S&P also affirmed the ‘CCC+’ ratings on Ghana’s debt and maintained a stable outlook on both foreign and local currency ratings.
The development reflects growing investor confidence, strengthened by government initiatives like the establishment of the Ghana Gold Board.
The Board, aimed at streamlining the gold value chain, is already playing a critical role in formalising the sector and boosting export revenues.
The improved external liquidity position, supported by a surge in gold exports and a recovering cedi, is helping Ghana meet its short-term obligations more comfortably.

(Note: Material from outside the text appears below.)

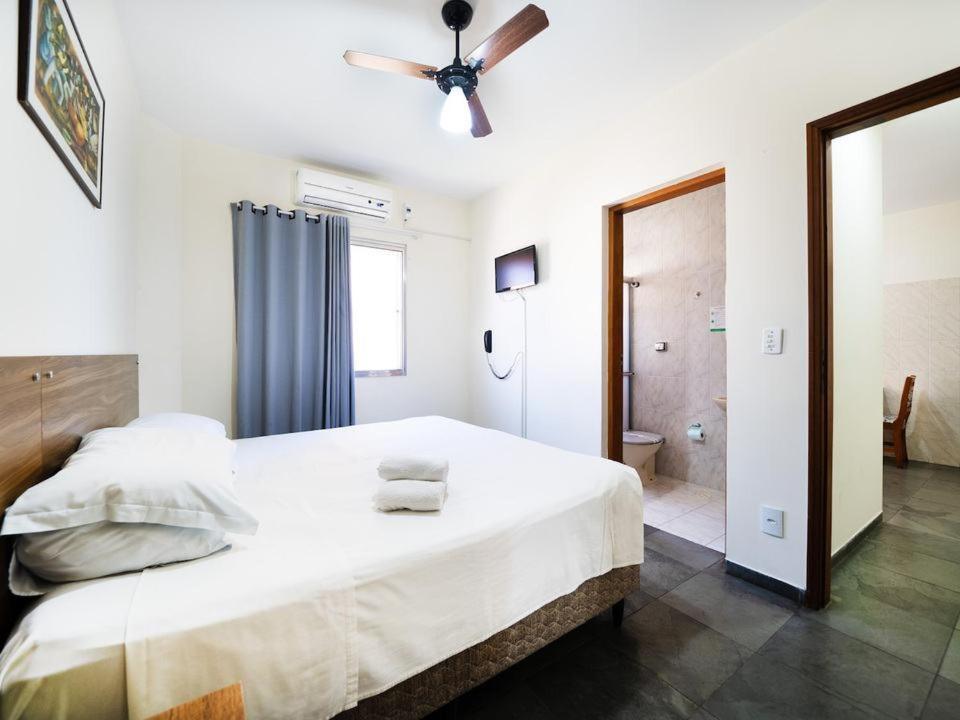 Itapetinga Hotel Atibaia Extérieur photo
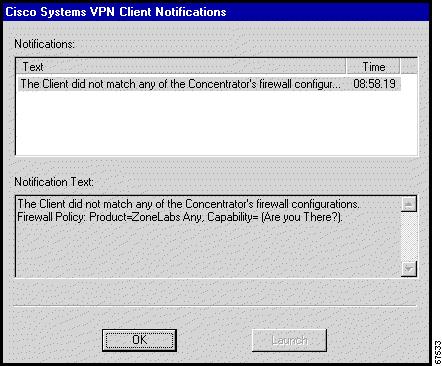 Upgrading the VPN Client Software (InstallShield) Upgrading the VPN Client software using this method retains existing connection entries and their parameters.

The cedi, which had crossed GH¢17 to the dollar in 2023, is now trading around GH¢14, helping curb import-driven inflation, now at 21.2%—the lowest in eight months.
This progress also follows Ghana’s October 2024 Eurobond exchange and the memorandum of understanding ratified with bilateral creditors in January 2025, seen as a cornerstone of its broader economic recovery. The gains have been linked by some to the policy groundwork laid during the tenure of former President John Dramani Mahama.
Despite the positive outlook, S&P cautions that downside risks remain. Should Ghana’s fiscal performance weaken, or financing conditions tighten, the country’s ability to service its debt could be jeopardised, placing renewed pressure on its fiscal and external stability.
According to a report by citinewsroom.com, the Finance minister Dr Cassiel Ato Forson has, however, downplayed fears of reversal, insisting that the recovery is rooted in “prudent and well-coordinated economic policies.”
He emphasised that the current gains are not fleeting but a testament to deliberate efforts to restore confidence and build a resilient macroeconomic foundation.
The government continues to implement fiscal reforms to tackle structural challenges, signaling its commitment to long-term economic stability and sustainable growth.